Огибая многомильную излучину берега, катер «Ж-257» идет правым бортом к ветру. Два часа назад налетел свирепый, прижимной зюйд-вест. Он угрожал сорвать с буя два катера «Ж-257» и «Ж-135», стоявшие на рейде китокомбината «Подгорный», и бросить их на береговые скалы. Катерам пришлось сняться и поспешить в Севере-Курильский порт-убежище.
Волна яростно ударяет в середину корпуса, туда, где за стальными листами, за ребрами шпангоутов бьется стопятидесятисильное сердце катера. При каждом толчке Равиль пытается схватиться за шпангоут, но, как только он пробует дотянуться до него, катер кладет на левый борт, и Равиль, чтобы не упасть на машину, упирается в масляный бачок.
Приходя в себя, Равиль виновато посматривает на помощника механика, Хусейна Арифовича, и всякий раз видит его худые, ссутулившиеся плечи и чуть наклоненную голову, будто механик прислушивается к тяжелому дыханию машины.
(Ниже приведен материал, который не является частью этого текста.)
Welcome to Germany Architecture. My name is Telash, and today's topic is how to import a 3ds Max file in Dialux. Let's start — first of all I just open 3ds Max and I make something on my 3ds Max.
Сжав челюсти, Равиль старается не дышать, сопротивляясь новому приступу тошноты.
- Дыши! - прикрикнул механик, не поворачивая к нему головы.-Человеку без этого нельзя. Сколько учить надо?!
Неверными, словно опухшими пальцами Равиль застегивает синий ватник и уже хочет обронить в ответ этак независимо: «Ну, я пошел на палубу», но катер мучительно медленно ложится на левый борт, и Равиль сдается. Подлая нутряная сила разжимает его челюсти, он сдерживает рвущийся из груди стон и прижимается лбом к холодной и липкой бортовой стали.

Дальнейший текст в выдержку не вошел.